我们看到，最后那张图识别出来的效果不是很好。但这个案例中，我们不考虑如何改进识别率，而是如何使用预训练模型得到上图效果。

3 代码

3.1 下载模型

我们使用 omz_downloader，它是 openvino-dev 包中的一个命令行工具。 omz_downloader 自动创建目录结构并下载所选模型。如果模型已下载，则跳过此步骤。所选模型来自公共目录，这意味着它必须转换为中间表示（IR）。

注意：如果要更改模型，我们可以直接修改模型名称，如"vehicle-detection-0201"、"vehicle-detection-0202"（关于模型之间的区别，参见Open Model Zoo以及我们上面章节的介绍）。此外，如果要改变精度，需要修改"FP32"、"FP16"、"FP16-INT8"中的精度值，不同的型号有不同的模型尺寸和精度值。

3.2 读取图片

导入图片，然后对于图片进行一些预处理，使其大小符合第一个车辆检测模型的输入要求。

def plt_show(raw_image):
    """
    Use matplot to show image inline
    raw_image: input image

    :param: raw_image:image array
    """
    plt.figure(figsize=(10, 6))
    plt.axis("off")
    plt.imshow(raw_image)

print('3 - Read image, and resize it in order to align with detection model inputs.')
# Read an image
image_de = cv2.imread("data/car1.jpg")
print("- original image shape: {}".format(image_de.shape))
# Resize to [3, 512, 512]
resized_image_de = cv2.resize(image_de, (width_de, height_de))
# Expand to [1, 3, 512, 512]
input_image_de = np.expand_dims(resized_image_de.transpose(2, 0, 1), 0)
print("- original image is reshaped into {}".format(input_image_de.shape))
# Show image
# plt_show(cv2.cvtColor(image_de, cv2.COLOR_BGR2RGB))

Terminal的记录：

3 - Read image, and resize it in order to align with detection model inputs.
- original image shape: (370, 499, 3)
- original image is reshaped into (1, 3, 512, 512)

3.3 使用检测模型检测车辆

回顾我们使用的识别模型，它的输出：[1,1,200,7]，即[1,1,N,7]，N指的是bounding box的数量。

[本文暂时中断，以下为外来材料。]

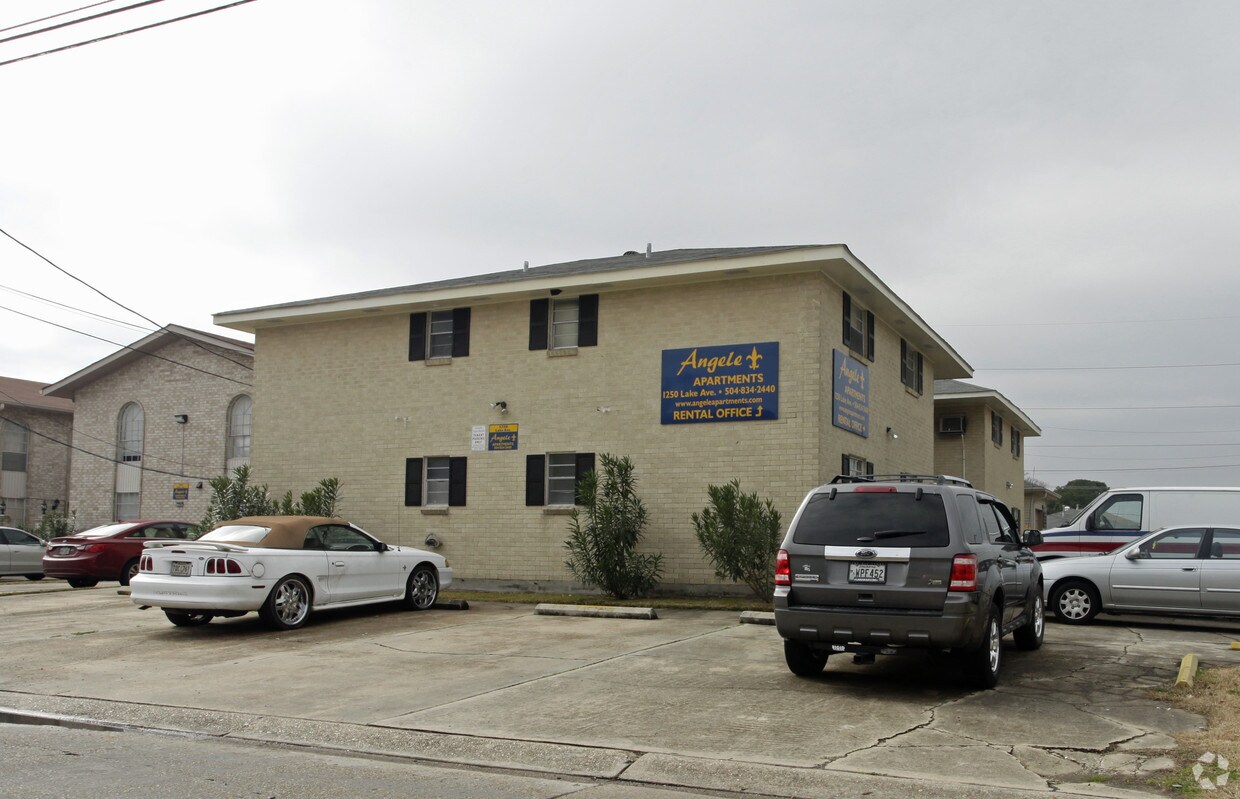 1250 Lake Ave, Metairie, LA 70005 Apartments in Metairie, LA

每一个检测框包括七个维度：[image_id, label, conf, x_min, y_min, x_max, y_max]。其中：

image_id - 批次中图像的 ID
标签 - 预测的类别 ID（0 - 车辆）
conf - 预测类的置信度
(x_min, y_min) - 边界框左上角的坐标
(x_max, y_max) - 右下边界框角的坐标

我们通过模型推理得到boxes，即识别的车辆位置以及执行度。然后，我们对其稍作处理，比如删除前两个维度（因为它们只是代表图像ID和预测类别，我们这里只有一个类别），然后，我们删除置信度与检测框为0的box。最后，我们将过滤下来的boxes通过crop_images函数，获得对应原输入照片的车辆位置（需要注意，我们一开始获得的车辆位置坐标是基于缩放过的图片基础上的）。

3.4 使用识别模型检测车辆识别车辆属性

选择一个检测到的框，然后裁剪到包含车辆的区域以使用识别模型进行测试。同样，我们需要调整输入图像的大小并运行推理。

识别结果包含车辆颜色（白色、灰色、黄色、红色、绿色、蓝色、黑色）和车辆类型（汽车、公共汽车、卡车、货车）。接下来，我们需要计算每个属性的概率。最后，我们确定最大概率作为结果。

3.5 将检测识别模型串起来

最后，我们将两个模型串起来，最后返回类似结果章节的图。代码如下：

print("7 - Finally let's combine 2 models and show results.")

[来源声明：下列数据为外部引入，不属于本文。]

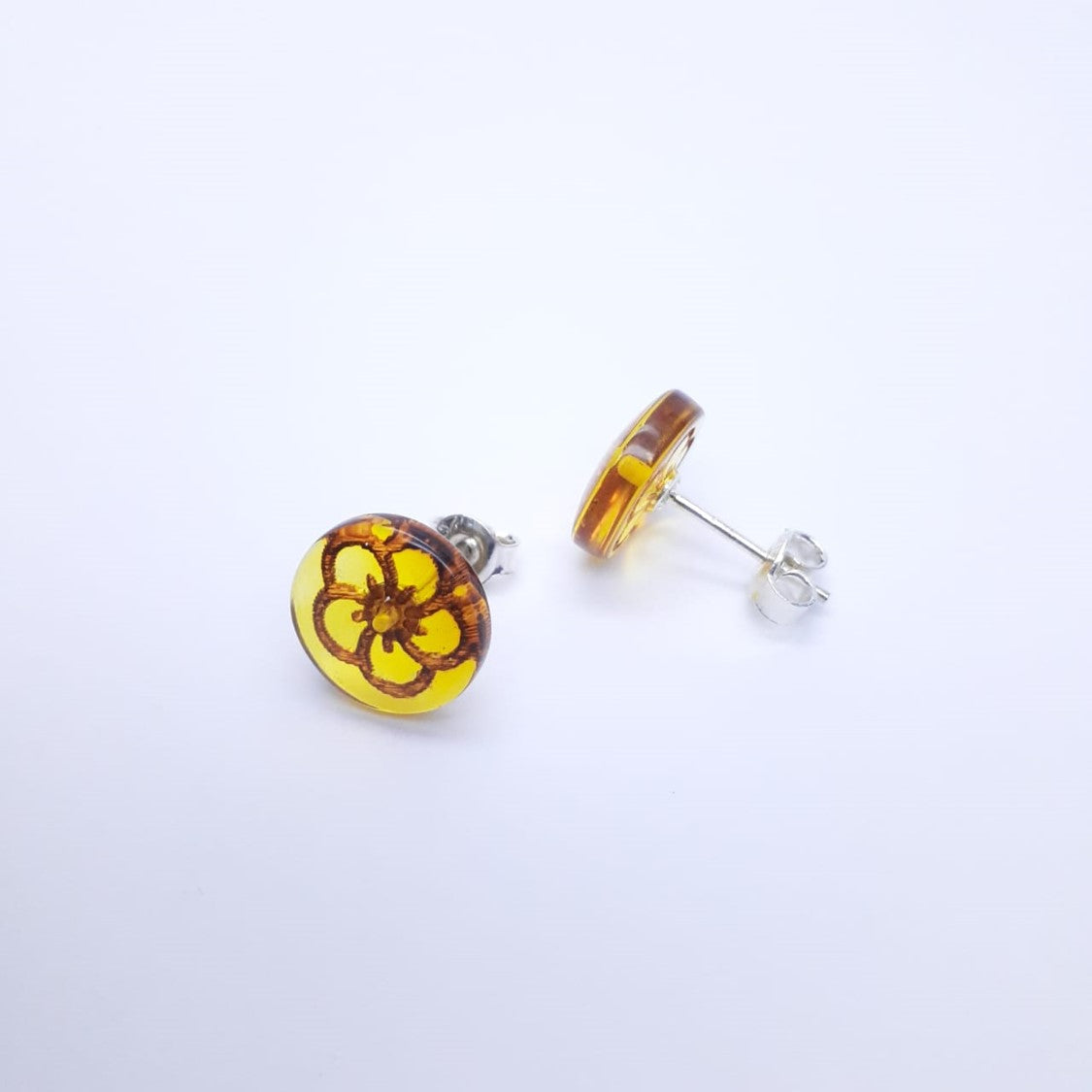 ARETES FLOR GRABADA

def convert_result_to_image(compiled_model_re, bgr_image, resized_image, boxes, threshold=0.6):
    """
    Use Detection model boxes to draw rectangles and plot the result
    
    :param: compiled_model_re: recognition net
    :param: input_key_re: recognition input key
    :param: bgr_image: raw image
    :param: resized_image: resized image
    :param: boxes: detection model returns rectangle position
    :param: threshold: confidence threshold
    :returns: rgb_image: processed image
    """
    # Define colors for boxes and descriptions
    colors = {"red": (255, 0, 0), "green": (0, 255, 0)}
    
    # Convert base image from bgr to rgb format
    rgb_image = cv2.cvtColor(bgr_image, cv2.COLOR_BGR2RGB)
    
    # Find cars' positions
    car_position = crop_images(image_de, resized_image, boxes)
    
    idx = 0
    for x_min, y_min, x_max, y_max in car_position:
        print("- Final car position {}: [{}]".format(idx, car_position[idx]))
        # Run vehicle recognition inference
        attr_color, attr_type = vehicle_recognition(compiled_model_re, (72, 72), 
                                                    image_de[y_min:y_max, x_min:x_max])
        print("- Final car recognition result: {}, {}".format(attr_color, attr_type))
        # close the vehicle window
        plt.close()

        # Draw bounding box based on position
        # Parameters in rectangle function are: image, start_point, end_point, color, thickness
        rgb_image = cv2.rectangle(rgb_image, (x_min, y_min), (x_max, y_max), colors["red"], 2)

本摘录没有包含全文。